Turkey’s economy has a Central Bank problem
Turkey’s economy has a big problem: The Central Bank problem.
Not only does it avoid fighting inflation, which is its essential mission, it also does not seem to be convinced about the need for such a fight, thus only aggravating the problem.
There may be several causes of this problem. It doesn’t stem from the lack of required skills to do the job. Rather, it stems from the fact that although the people heading these institutions are equipped with the necessary information, they are not acting with any foresight.
The current administration of the Central Bank is refraining from properly fulfilling its essential task defined by the law, despite the fact that its independence is legally protected. The reason is clear: It prefers to act in line with the wishes of the political authority.
Whatever the reason, the upshot of the problem is that the Central Bank isn’t fulfilling its main task of fighting inflation. As a result, consumer prices rose to 8.81 year–on–year in December, far above the target of 5 percent at the start of the year.
Only last month, while preparations were being made for 2016, did the Central Bank revise year end inflation expectations to 7.9 percent. How can they make so many mistakes in the course of just one month?
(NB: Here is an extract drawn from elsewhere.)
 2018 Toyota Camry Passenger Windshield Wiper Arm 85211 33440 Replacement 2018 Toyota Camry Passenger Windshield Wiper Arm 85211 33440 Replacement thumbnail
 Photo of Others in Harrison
This is not the first time that the Central Bank administration has made a big deviation from its targets. It has missed nearly all inflation targets of late and is going to have to write a letter to the government to explain why it has been unable to meet the target.
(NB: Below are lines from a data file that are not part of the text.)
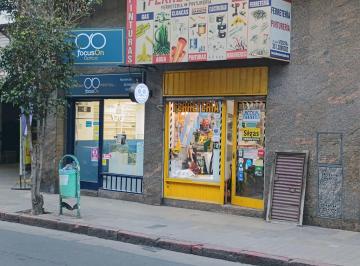 Local comercial , Córdoba · Dueño Vende Local 200 m² a m de Av Colon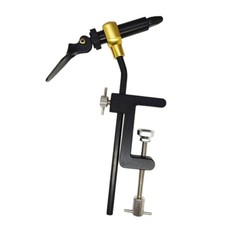 Étau Rotatif Réglable pour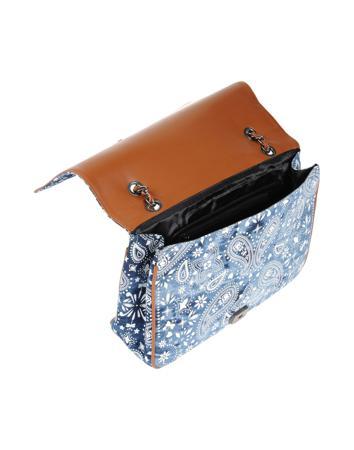 Сумка MIA BAG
Worse, the Central Bank administration doesn’t even look close to making a correct analysis or providing an apology that will give confidence to the markets.
The Central Bank has made a presentation saying the current account deficit is falling, there is a growing trend in the exports to the European Union, the tight fiscal policy is continuing, and the interest rate corridor will narrow after normalization.
Markets have lost hope
In short, it does not look like the Central Bank is even aware of the dimension of the problem.
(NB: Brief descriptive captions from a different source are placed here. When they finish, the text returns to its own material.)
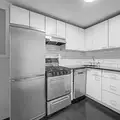 1 bedroom apartment for rent in East Village - Manhattan, New York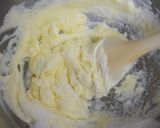 サワークリームなし☆濃厚NYチーズケーキ作り方8写真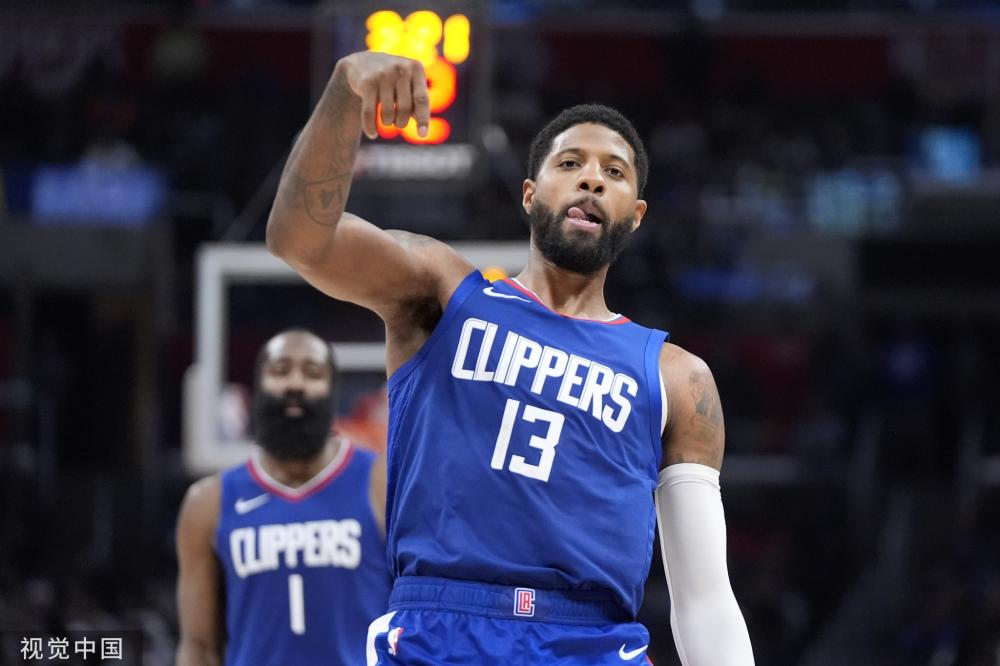 帮助所在球 帮助所在球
Actually I don’t think it is not aware. Rather, it has allowed its experience and knowledge to be hijacked by the will of the government.
At the current point, it is crystal clear that there is no trust left in the Central Bank. While refraining from saying it openly, everyone in the markets sees that the Central Bank cannot act independently and that nothing will be done with the right timing.
When you talk to people in the banking sector, they say that what the Central Bank actually looks at is core inflation, which is currently as high as 9.5 percent. They say it is a huge mistake not to take action in view of that rate.
No one is confident that a decision to increase interest rates will be taken in the Bank’s January meeting, despite these latest figures. In fact, some bankers have started to plan according to the calculation that the Bank will continue to make mistakes and we will all pay a heavy cost.
Over the last two years, the Central Bank, which should solve problems and secure stability, has itself become the problem.